By allowing ads to appear on this site, you support the local businesses who, in turn, support great journalism.
County forum tackles growth issues
Bryan County seal 2016

More than 100 people attended Monday night’s forum to discuss growth — particularly in South Bryan County — and learn more about what county officials are doing to plan for it.

The two-hour meeting was held at the County Administrative Complex, 66 Capt. Matthew Freeman Drive, and included presentations by staff and consultants the county has hired to help guide the planning process.

“We want to make sure people know the county is taking the necessary steps,” Commissioners Chairman Carter Infinger said. “This is something that impacts our schools, our roads and our quality of life. We want this to be a livable, workable and prosperous place.”

The county used the forum to roll out the work it is undertaking on updating its 10-year comprehensive plan, which is due to the state’s Department of Community Affairs next spring. The process will include public meetings and focus groups on both ends of the county as officials try to determine what types of planning and zoning codes are necessary to handle the addition of some 300 new homes per year.

One topic of dissension at the meeting was that of PUDs, or planned unit developments. Subdivisions with houses numbering in the thousands have been approved by the county in the past both off of Oak Level Road and along the Belfast River and Belfast Keller corridor.

Several people spoke out against them, voicing concern about the influx of people and vehicles, as well as the impact on school enrollment.

Eric Greenway, the county’s planning and zoning director, said he is researching the various PUDs in relation to state law regarding how long the agreements are valid.

Developers, on the other hand, are concerned that their property rights might be impacted.

“Those were approved 10 or more years ago based on a different development character,” Greenway said. “We’re looking at how long they can remain in place without any construction taking place.”

Traffic was also an issue of concern, especially the new interchange on I-95 at Belfast Keller Road and the widening of Highway 144. Infinger assured attendees that both projects are on track and bids should be sought for them this fall and next spring, respectively.

County Administrator Ben Taylor explained that along with the comprehensive plan update is a capital improvement plan to deal with infrastructure, public safety and recreation.

Money for those projects will come from a variety of sources, including SPLOST (special-purpose local option sales tax) that will be on the November ballot.

Taylor said the county also is working to implement impact fees on new construction.
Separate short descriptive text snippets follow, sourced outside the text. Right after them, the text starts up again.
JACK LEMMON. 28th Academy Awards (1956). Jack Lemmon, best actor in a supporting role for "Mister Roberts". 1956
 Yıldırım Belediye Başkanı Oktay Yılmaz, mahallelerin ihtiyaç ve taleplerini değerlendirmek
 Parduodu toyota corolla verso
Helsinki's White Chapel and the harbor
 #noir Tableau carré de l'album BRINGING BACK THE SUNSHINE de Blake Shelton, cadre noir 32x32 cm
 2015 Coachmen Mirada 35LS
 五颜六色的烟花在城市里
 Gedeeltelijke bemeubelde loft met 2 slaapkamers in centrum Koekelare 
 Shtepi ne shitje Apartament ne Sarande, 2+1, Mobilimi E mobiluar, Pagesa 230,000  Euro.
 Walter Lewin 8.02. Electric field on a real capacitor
A portion of that money will go toward paying the county’s share of funding for the new interchange, as well as expanding its sewer and water services.

Taylor said a tap fee for water service of between $8,000 and $9,000 could be assessed that would help pay for expanding water service, while monthly usage fees would pay for system maintenance.

“It’s not that much difference in cost than putting in septic and well, and it helps lower the ISO rating which saves money on your home owners insurance,” he said. “It’s more than just dollars and cents.”

There was also talk about asking voters to approve a T-SPLOST measure next spring. The levy would generate some $33 million over its cycle and the money would be earmarked for road improvements. Officials say about $24 million would be collected from non-Bryan County residents, primarily at exits 87 and 90 on I-95.

About 100 people attended a similar town hall in July hosted by the Richmond Hill City Council, where the message from the audience was that they wanted to see more cooperation between the city and county on growth issues.

To that end, Richmond Hill Mayor Harold Fowler and Councilmen Russ Carpenter and Johnny Murphy attended Monday night’s forum.

Several in the audience also commented that the increased growth is putting a strain on Bryan County Schools, which is expected to see an increase of more than 3,500 students over the next decade. School officials are planning to build a new elementary, middle and high school in South Bryan over the next six years.

Although they did not comment, Superintendent Paul Brooksher and Board of Education Vice Chair Karen Krupp both attended the forum. Greenway said county planners are working with the school district on the locations of the new schools.